What is required: Make an exact copy of the entries, and keep any pictures out of it.

Records shown:
►
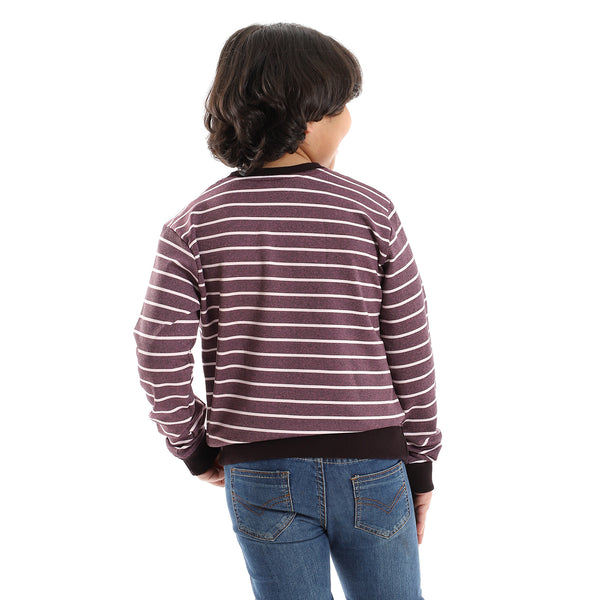 V-Neck Striped White, Black & Purple Sweatshirt
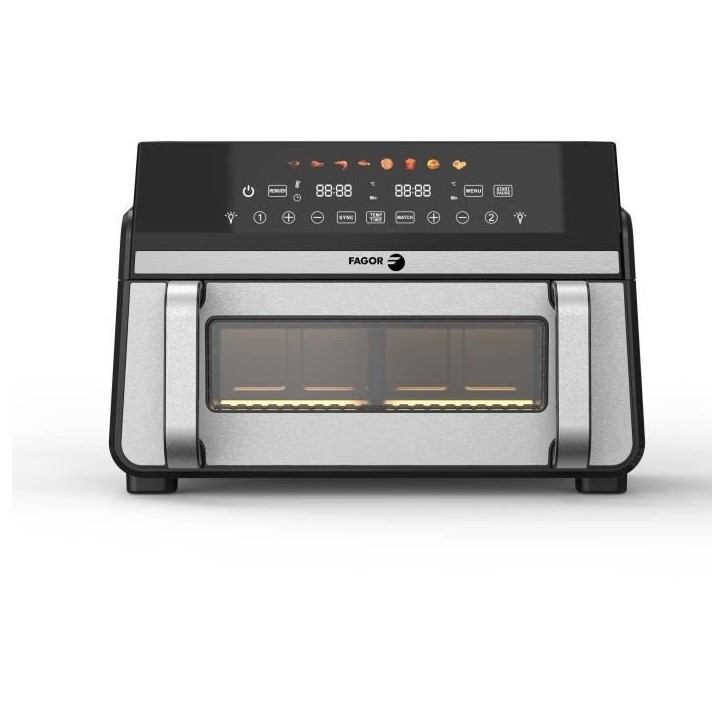 Friteuse sans huile FAGOR - Airfryer FG10AF - Capacité 11L - Double cuves 5,5L - Séparateur amovible - 2200W Friteuse sans huile FAGOR - Airfryer FG10AF - Capacité 11L - Double cuves 5,5L - Séparateur amovible - 2200W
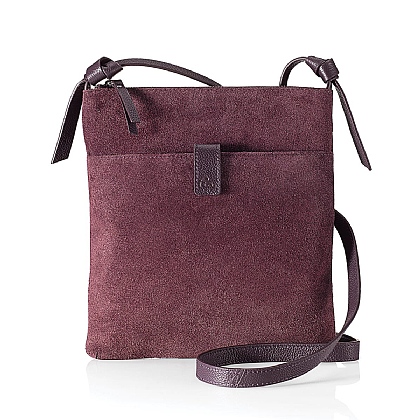 Purple Perspective Suede Cross-Body Bag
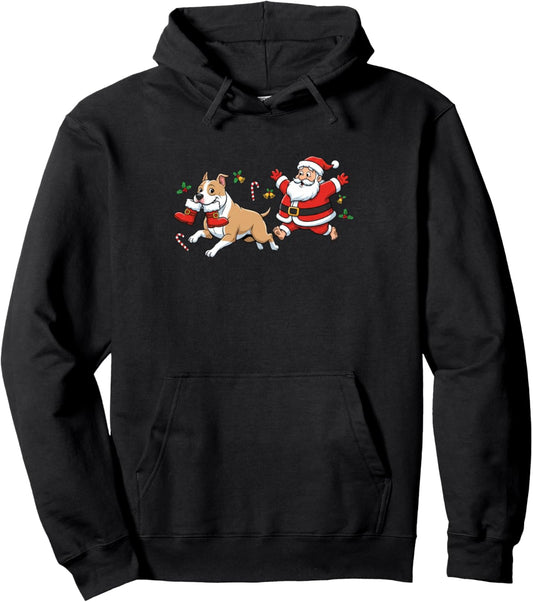American Staffordshire Terrier Santa Claus Boots Christmas Pullover Hoodie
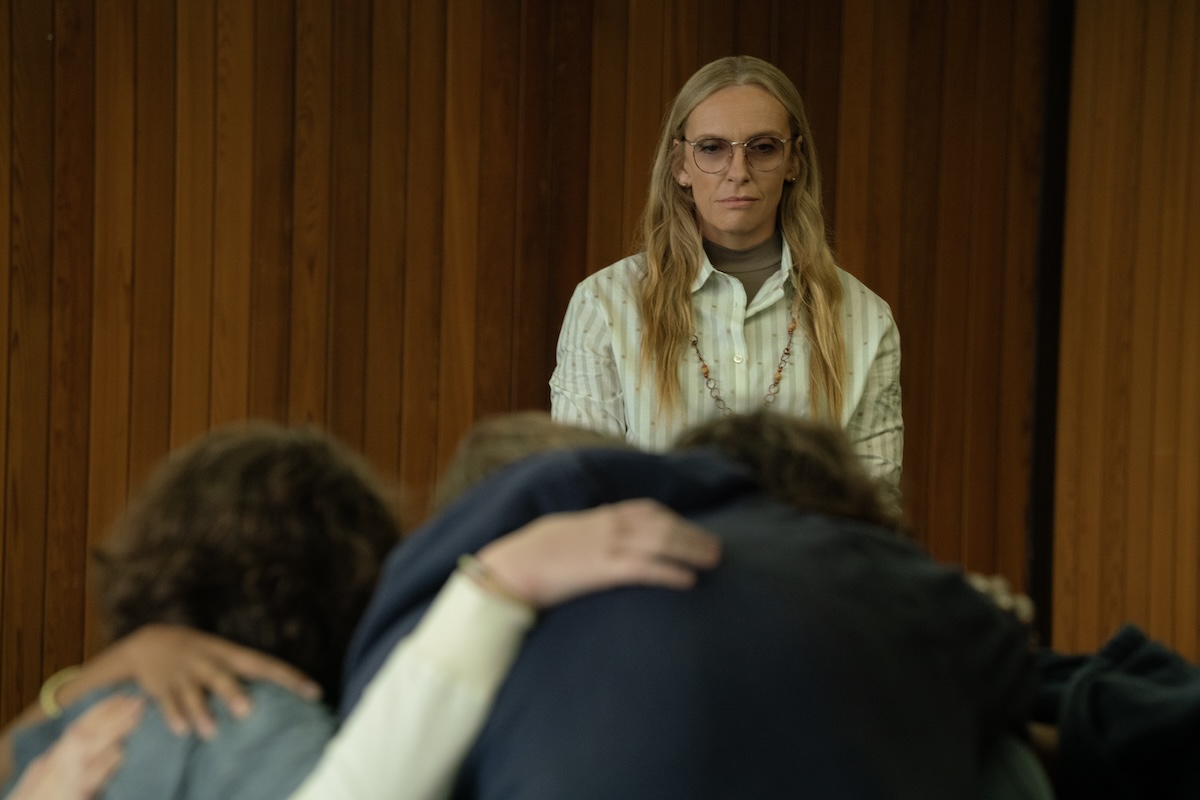 'Wayward,' a Netflix series, stars Toni Collette as Evelyn Wade, shown here watching over group therapy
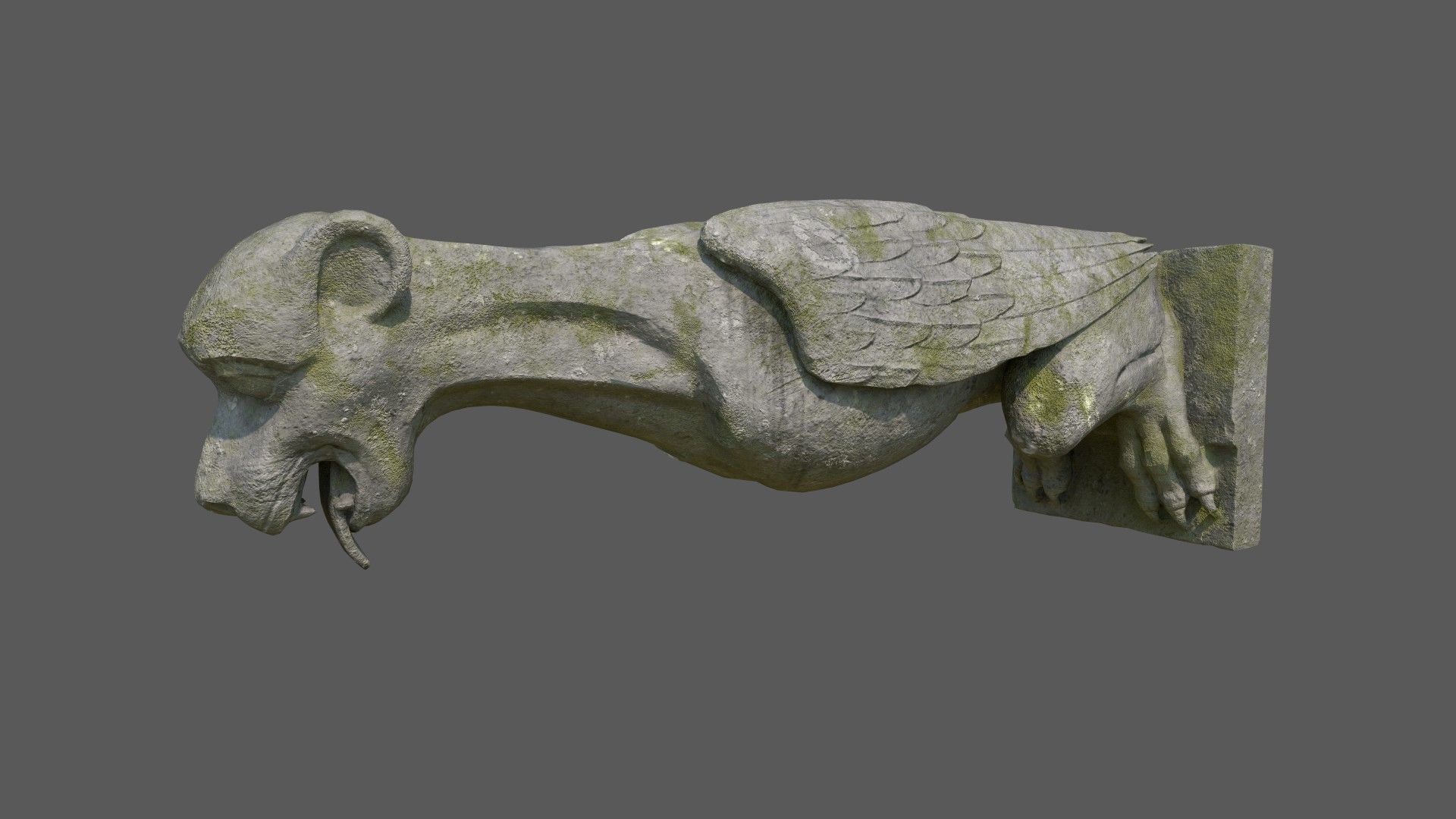 Gargoyle07 Low-poly 3D model_9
◄
Final answer:
 V-Neck Striped White, Black & Purple Sweatshirt
 Friteuse sans huile FAGOR - Airfryer FG10AF - Capacité 11L - Double cuves 5,5L - Séparateur amovible - 2200W Friteuse sans huile FAGOR - Airfryer FG10AF - Capacité 11L - Double cuves 5,5L - Séparateur amovible - 2200W
 Purple Perspective Suede Cross-Body Bag
American Staffordshire Terrier Santa Claus Boots Christmas Pullover Hoodie
 'Wayward,' a Netflix series, stars Toni Collette as Evelyn Wade, shown here watching over group therapy
 Gargoyle07 Low-poly 3D model_9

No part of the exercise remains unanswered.